Edward Kennedy Ellington was born in 1899 to a middle class family in Washington D.C.. Both his mother and father were pianists, and wanted their son to learn to play piano as well. Ellington was enrolled in music lessons at the age of 7. By the age of 14 he was writing his own tunes, and was playing gigs at the Cotton Club by his late 20’s. Ellington held the Cotton Club job for three years and for the entire time he was required to compose entirely new songs every week for a three hour show. By his 30’s birthday, Ellington’s band became a star attraction and went on the road for an impressive thirty years.
As a a bandleader, Duke Ellington wrote music for the individual musicians in his band. He believed that since each musician has his/her own traits at their instrument (some play flat, some sharp, etc..), their sheet music should be written in order to reflect those traits. If Ellington’s alto saxophone player Paul Gonzalvez always played “C” a little flat, Ellington would recognize that in his writing and write the “C” a “quarter-tone” sharp.
Quarter-tones aren’t recognized in the western tradition of music but are seen in African and middle-eastern styles.
Ellington has created a huge number of albums, but some of his most important are as follows:
Ellington At Newport Jazz Festival
Live At The Blue Note
And His Mother Called Him Bill
Piano In The Background
Anatomy Of A Murder
If you’re only going to listen to one Ellington album, Live At The Newport Jazz Festival should be it.

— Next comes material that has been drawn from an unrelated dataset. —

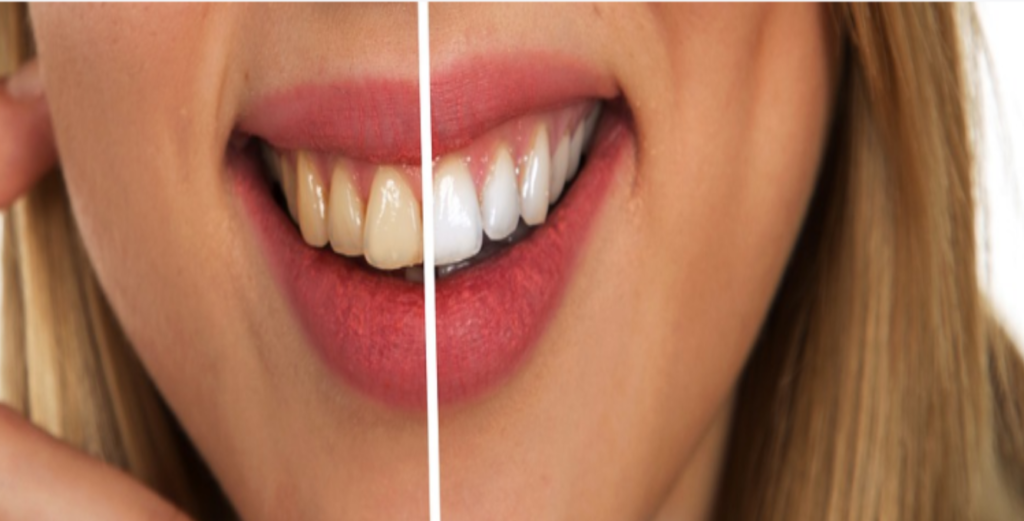 clean teeth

It has energy that you may not ever experience on any other live album. Paul Gonzalves’ solo in “Crescendo & Diminuendo in Blue” is one of the most memorable solos in all of jazz. During the beginning of Gonzalves’ solo, a woman jumped on stage and began dancing. This launched the festival audience into a frenzy. Feeling the vibe, Gonzalves continued improvising his solo over 27 choruses. George Wein, the man who was running the festival, feared a riot and requested that the band do something. Gonzalves’ solo ended with a drum solo and a riot was averted.
You can listen to the solo, and read a more detailed story by watching the following video.

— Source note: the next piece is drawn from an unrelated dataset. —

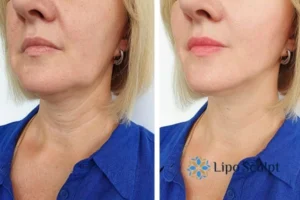Double chin before and after Hi-Fu treatment 4 Book your double chin treatment Wakefield today! We are here to help!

Gonzalves played his solo into the wrong microphone and the recording sounded distant. The band was called into the studio in an attempt to recreate the saxophone solo, but the feeling wasn’t there because the solo wasn’t improvised and the audience’s energy wasn’t present. However, several years later, a tape recording of the solo was found and spliced into the original recording to create what you hear today.